• Olive or canola oil
• 3 ½ ounces shiitake mushrooms, sliced very thinly
• Black pepper
• 1 clove garlic, pressed through garlic press
• 4 slices good quality sour dough bread
• 3 tablespoons softened, unsalted butter, for bread
• 1 cup shredded gruyere and swiss cheese blend (or other favorite cheese)
• 8 ounces either flank steak or ribeye steak, grilled to medium-rare (or preference), and sliced thinly
-Place a large, non-stick skillet over medium-high heat, and drizzle in a bit of the oil; once it gets hot, add in the mushrooms, and allow them to saute for a minute or so before adding in a generous pinch of salt and black pepper; once the mushrooms become a golden-brown, add in the clove of garlic and stir, and once that becomes aromatic, spoon the mushrooms out of the pan, and set aside.
-To prepare your grilled cheese sandwich, butter one side of each piece of bread, and place the buttered side down so that the unbuttered side faces you; add about ¼ cup of the shredded cheese to the slice of bread, then top with some of the sliced steak, plus some of the mushrooms, then another ¼ cup of the cheese over that; place another piece of bread on top, and butter the side that is facing you; repeat this with another sandwich.
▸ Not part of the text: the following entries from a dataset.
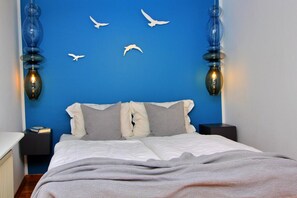 1 bedroom, iron/ironing board, free WiFi, bed sheets - Holiday Apartment 'Constance' with Wi-Fi (Konstanz)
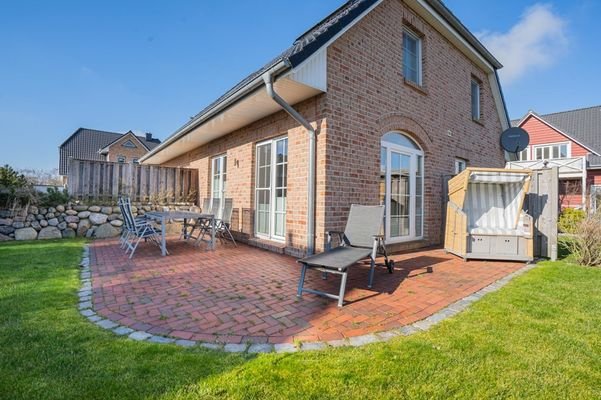 sonnige Südterrasse und Dünengarten (hinten)
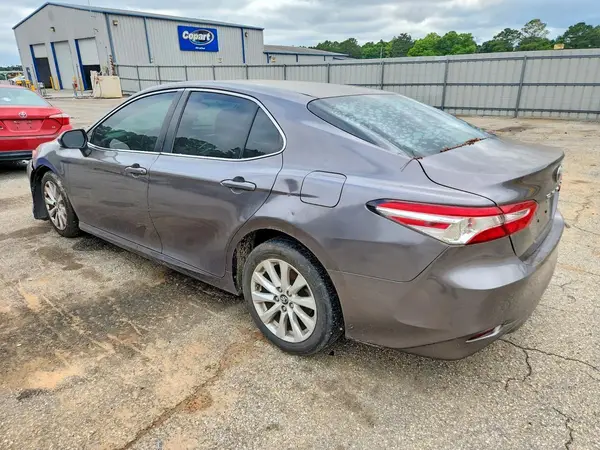 4T1B11HK2JU648690 2018 TOYOTA CAMRY - Image 2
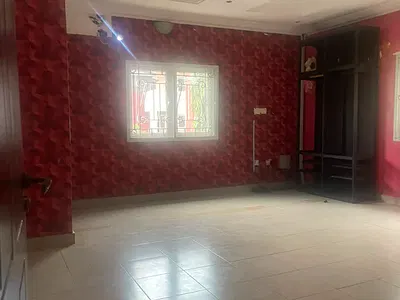 Self Service 3 Bedroom House.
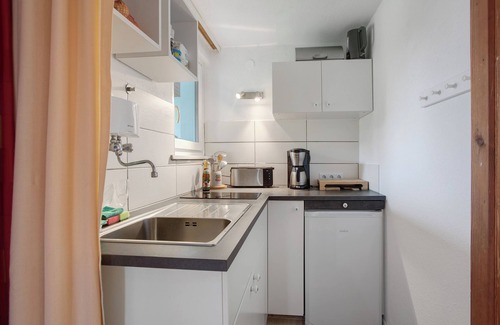 Grafenhausen House | Bungalow 'Angela' with Private Terrace, Shared Garden and Wi-Fi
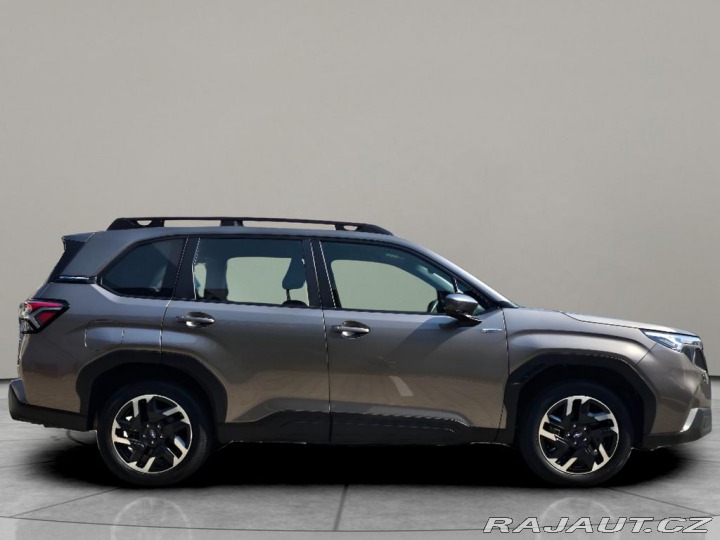 Subaru Forester ACTIVE 2025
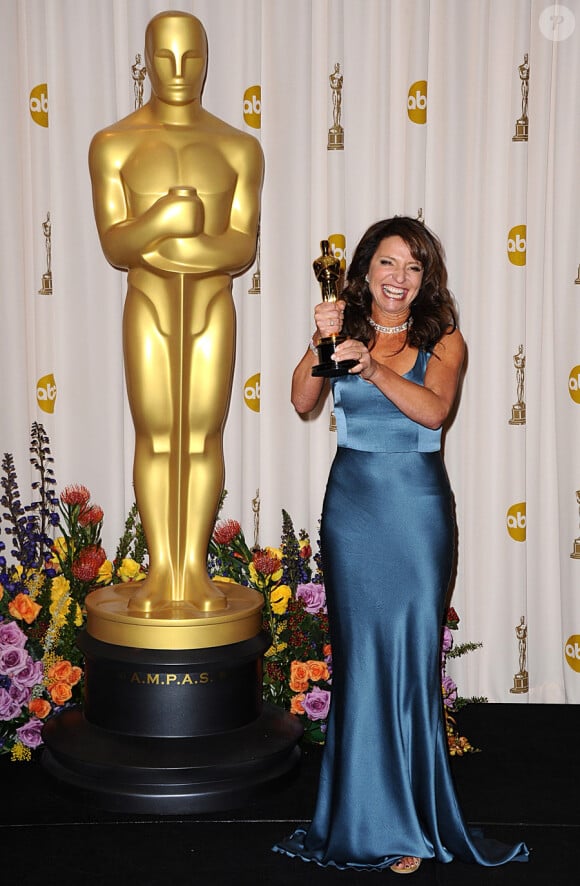 Susanne Bier, Oscar du meilleur film étranger pour Revenge (Danemark) lors de la cérémonie des Oscars le 27 février 2011 à Los Angeles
-Preheat your oven to the “warm” setting, or 200° to keep the sandwiches warm.
-To prepare, place a skillet over medium-high heat; once it becomes hot, add in one (or both, if you have room) of the sandwiches, buttered side into the pan, and top with a brick, if using, or press with a spatula; allow the bread to grill on the first side for about 4 minutes, or until golden-brown and crisp, then flip and grill the same way, with the either the brick on top, or using a spatula to press the sandwich down, until golden and crisp on the other side, and gooey and melted in the center.
-Hold warm, if necessary, in the oven.